Юные официантки молча и приветливо толпились в стороне.

– Очень приятно, – ответил арт-директор с явным недоумением.

– Напечатали вы это без моего согласия, – продолжил я свою сухую (и безумно наглую, как мне казалось) речь, – и я собираюсь подавать на вас в суд. Это неприятная, как вы понимаете, процедура, но меня поддержит мэр города, мой приятель.

– Но это было не при мне, я тут недавно, – слабо защитился арт-директор. Тут он явно допустил ошибку: если бы он сразу меня послал, то я бы свой шантаж немедля прекратил: какой тут на хер суд, в Одессу я приехал на день и никуда не стал бы обращаться, из меня сутяжник – как галоши из картона.

– Так что у вас всего два варианта, – сказал я твердо и слегка усмешливо, как заведомый победитель, – или я сегодня же подаю на ваше заведение в суд, или вы всех нас кормите бесплатным обедом.

– Я должен спросить у директора, – ошарашенно ответил арт-директор и ушел куда-то позвонить, хотя трубку своего сотового телефона держал в руке. Вернулся он буквально через полминуты, весь сиял и широко развел руками, громко возгласив: – Усаживайтесь, господа!

И мы неторопливо сели за массивный стол, немедленно покрытый злополучными картонками. Как же мне было хорошо и удивительно! Я еще не верил в привалившую удачу, но уже вполголоса предупредил своих спутников:

– Ребята, заказывайте блюда не по вкусу, а по цене – чтоб были самые дорогие!

Мы отменно пообедали. Одна из импресарио впервые в жизни (как она сама призналась) ела седло барашка – или козленка, уж не помню точно. Пировали и торжествовали все.

Прогадал только я, заказав себе филе какой-то рыбы, изготовленной над паром таиландских трав, и получив жидковатый и безвкусный обмылок (только очень-очень дорогой – наверно, за таиландские травы). Обслуживал нашу компанию рослый и неулыбчивый красавец с каким-то невыразимо порочным лицом, в кино ему злодеев бы играть, а он бездарно тратил свою внешность в этом ресторане. Нас он, по-моему, тихо презирал и молча гневался, прекрасно понимая, что за бесплатный обед и чаевых не будет никаких. Я эту неприязнь его почувствовал и потому к концу обеда попросил еще нам принести по огромному пирожному – они весьма соблазнительно были нарисованы в меню. Протесты сотрапезников я мигом погасил, а когда пирожные принесли, попросил красавца упаковать их нам с собой. Представляю себе, как он молча проклинал меня, укладывая их в целлофановые аккуратные коробочки. Мы съели их вечером после концерта – под запасенный виски это было прекрасно. А во мне гуляло-пело торжество от нагло победившей справедливости.

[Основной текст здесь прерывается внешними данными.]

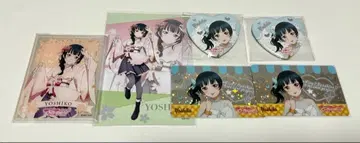 Aqours 츠시마 요시코 하트형 캔뱃지 오다이바 벚꽃 일본 의류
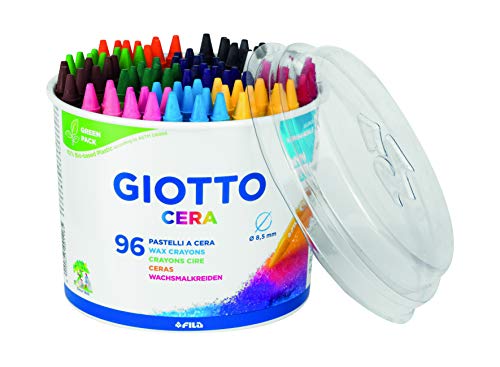 Giotto Cera Wachsmalstift Dose, 96-er Set, farbig, bunt von GIOTTO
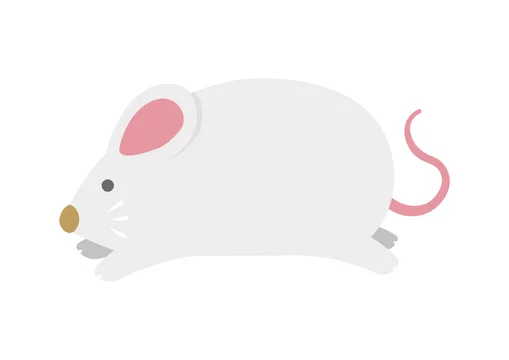 令和二年 子年 年賀状素材イラスト 走るネズミ Stock Vector Adobe Stock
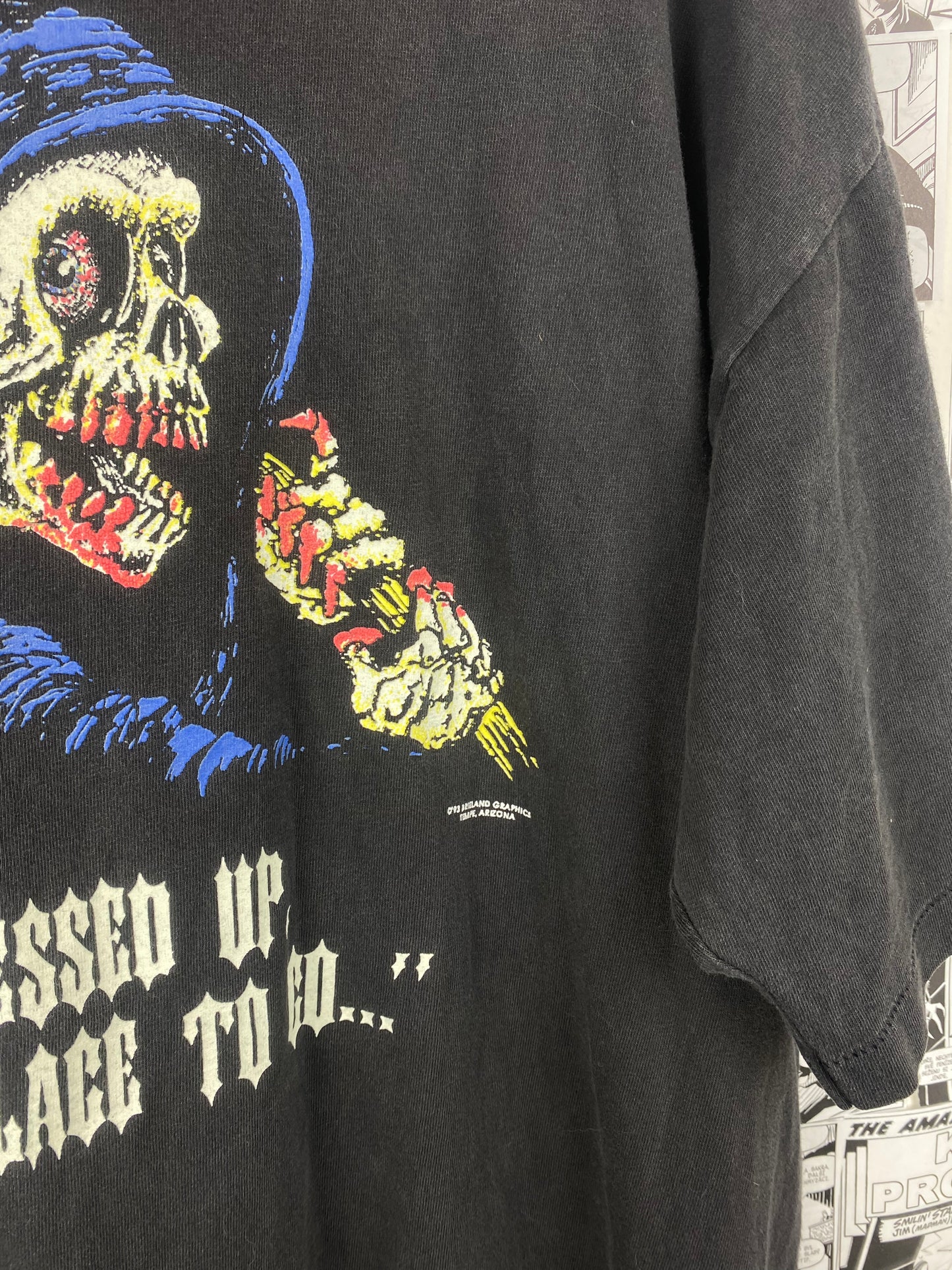 Vintage “All dressed up, with nowhere to go” death t-shirt - size XL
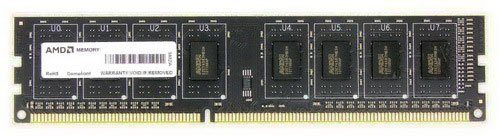 Оперативная память 8Gb AMD Radeon R5 Entertainment R538G1601U2S-UO, DDR III, PC-12800, 1600MHz, 1.5V
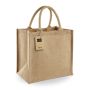 Jute Midi Tote Natural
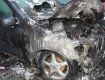 В Ужгороде горел автомобиль марки «Mercedes ML 350»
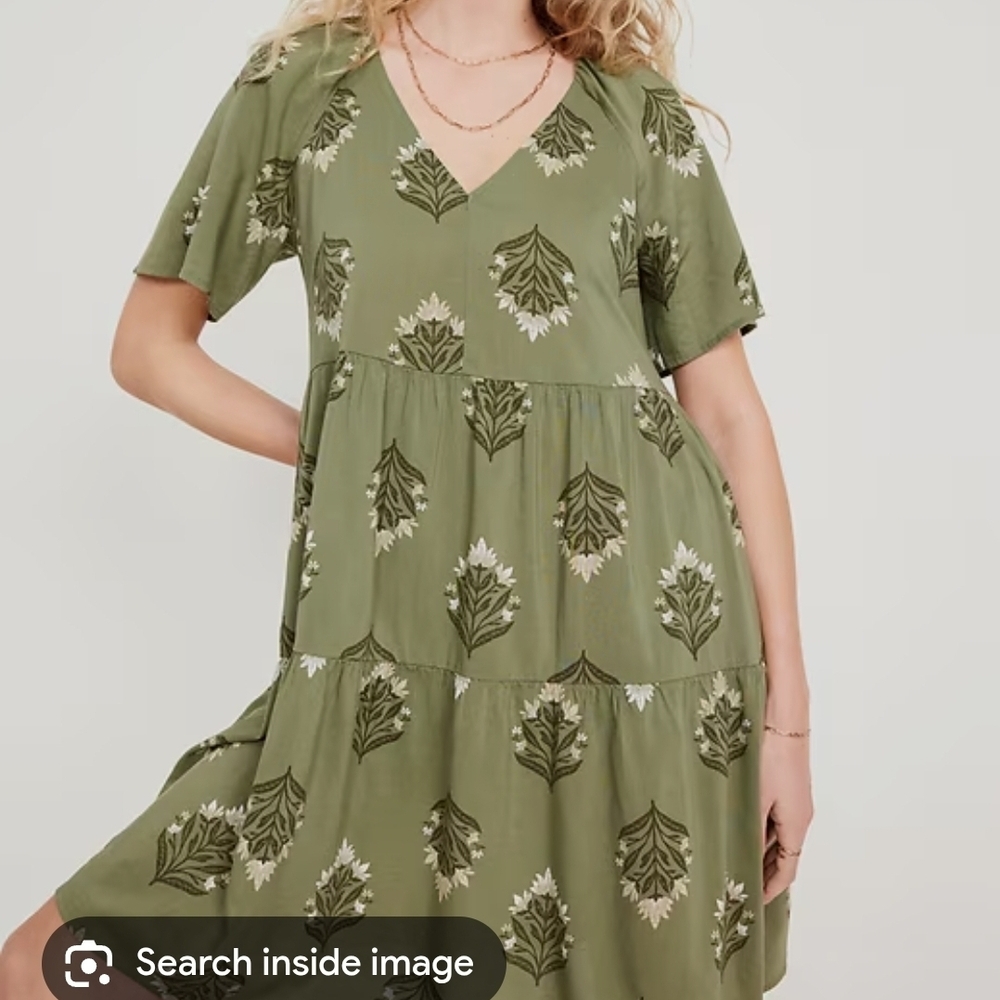 Old Navy Tiered Mini Swing Dress - Picture 3 of 9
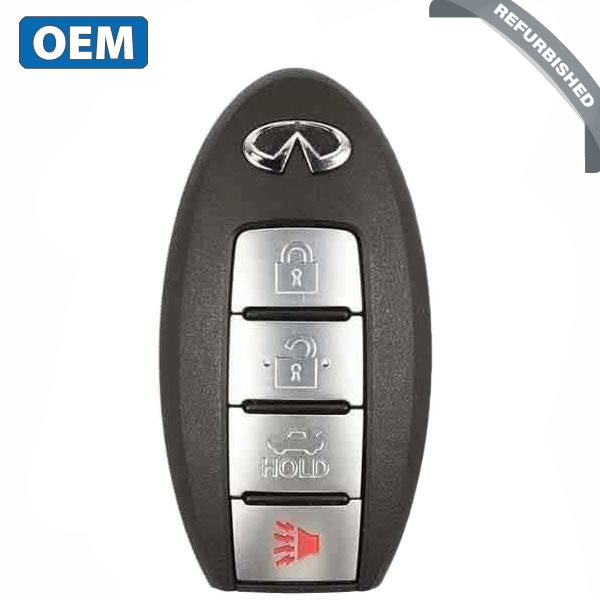 2016-2020 Infiniti Q50 Q60  / 4-Button Smart Key / PN: 285E3-4HB0C / KR5S180144204  (OEM Refurb)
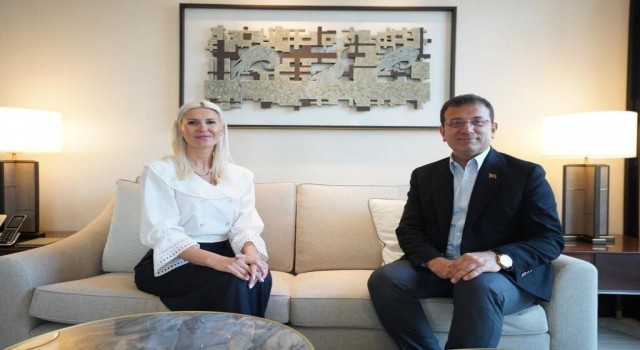 Başkan V. Subaşı, İBB Başkanı İmamoğlu ile bir araya geldi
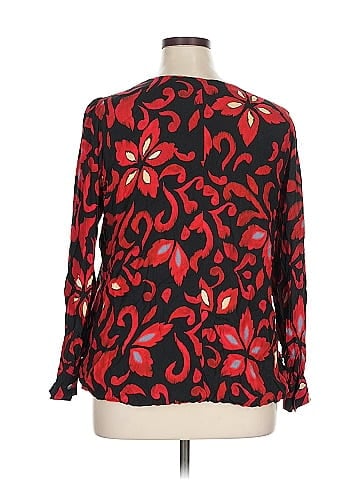 Karen Kane Long Sleeve Blouse (view 2)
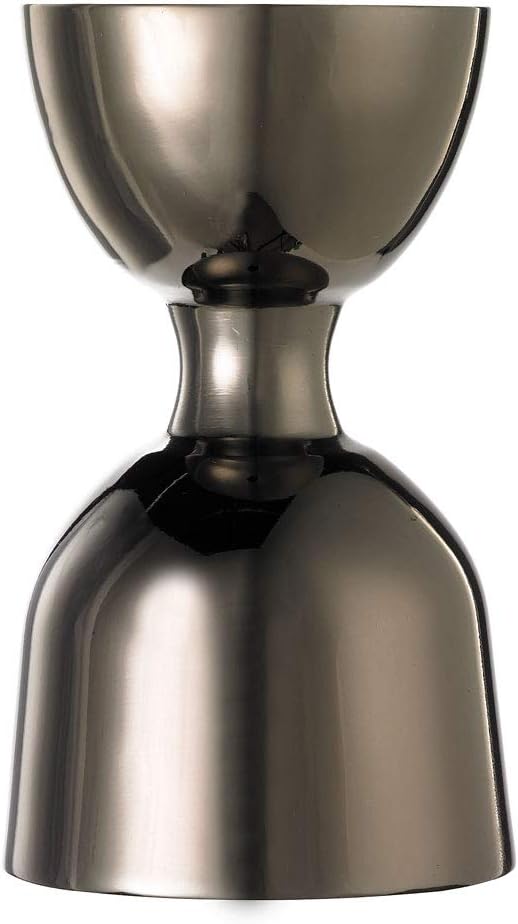 Barfly - 1 x 2 Oz Black Heavy-Duty Straight Rim Bell Jigger - M37006BK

Не могу не упомянуть здесь же замечательную историю – я услышал ее от одного пожилого еврея, который подошел в антракте и застенчиво спросил, известно ли мне, что в Одессе на здании Комитета государственной безопасности значится шестиконечная звезда. Нет, это не было мне известно, хотя все могло случиться в Одессе.

И услыхал я нечто уникальное.

Самуил Форшайт («Вы легко запомните мою фамилию – вы ведь читали “Сагу о Форсайтах”?») был главным инженером какого-то строительного треста. (Или не главным, но строительного.) И однажды вызвал его начальник треста, объявив, что срочно, за девять месяцев всего, ему, Форшайту, надлежит устроить реконструкцию Театра оперы (возможно, оперетты – с памятью неважно у меня, а разговор наш протекал в антракте). Это был конец семидесятых, и спорить о сроках не приходилось.